While the Production Guild predominantly does farces like this (in recent years, performances have included plays about nuns making wine on the sly and kooky neighbors trapped together during a storm), The Mysterious Affair at Styles is the first murder-mystery in a while.
Johnson’s interest in theater stems from the history classes that were part of her homeschool curriculum in New York. The first semester students would focus on one time period – the Civil War, the Chinese opium war – and the second semester students would put on lengthy plays encompassing what they’d learned. Johnson credits that experience for getting her out of her shell and getting her interested in acting. Though she took a two-year hiatus from theater when her family moved to a small village in the Bristol Bay area for her father’s new teaching gig, she didn’t stop thinking about theater. During her first semester at APU she joined the Production Guild and began acting in plays. She played a drunk elderly neighbor, a wannabe nun who falls in love with the gardener, and a washed-up actress before acting as stage manager last semester and both stage manager and director this semester.
“Acting is so, so different from directing and managing,” Johnson said. “There are so many more moving pieces.”
Her many duties aren’t just picking the play, casting actors and giving critiques – she’s also responsible for gathering props, building the set, recruiting a crew, scheduling, advertising, submitting paperwork, meeting with the club advisor weekly, and, because this is her senior project, writing weekly updates for her faculty advisor. If that weren’t enough, she’s also developing a handbook for the club to use in the future, to help future presidents and directors navigate the waters of budget forms and audition protocol.
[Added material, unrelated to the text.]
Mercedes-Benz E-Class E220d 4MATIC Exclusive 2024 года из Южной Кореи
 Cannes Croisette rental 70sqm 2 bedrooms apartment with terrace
Though of all that, Johnson said the hardest part has been acquiring the props. Because it’s a mystery, the play calls upon very specific props – they could be important clues that determine who the villain is. It’s worth it for her, though. After a minimalist set last semester, she was eager to create a set that was very involved.
“I want the audience to walk in and feel like they’re there, too,” Johnson said.
The Mysterious Affair at the Styles will hit the stage next Friday and Saturday night at 7 p.m. and Sunday at 3 p.m.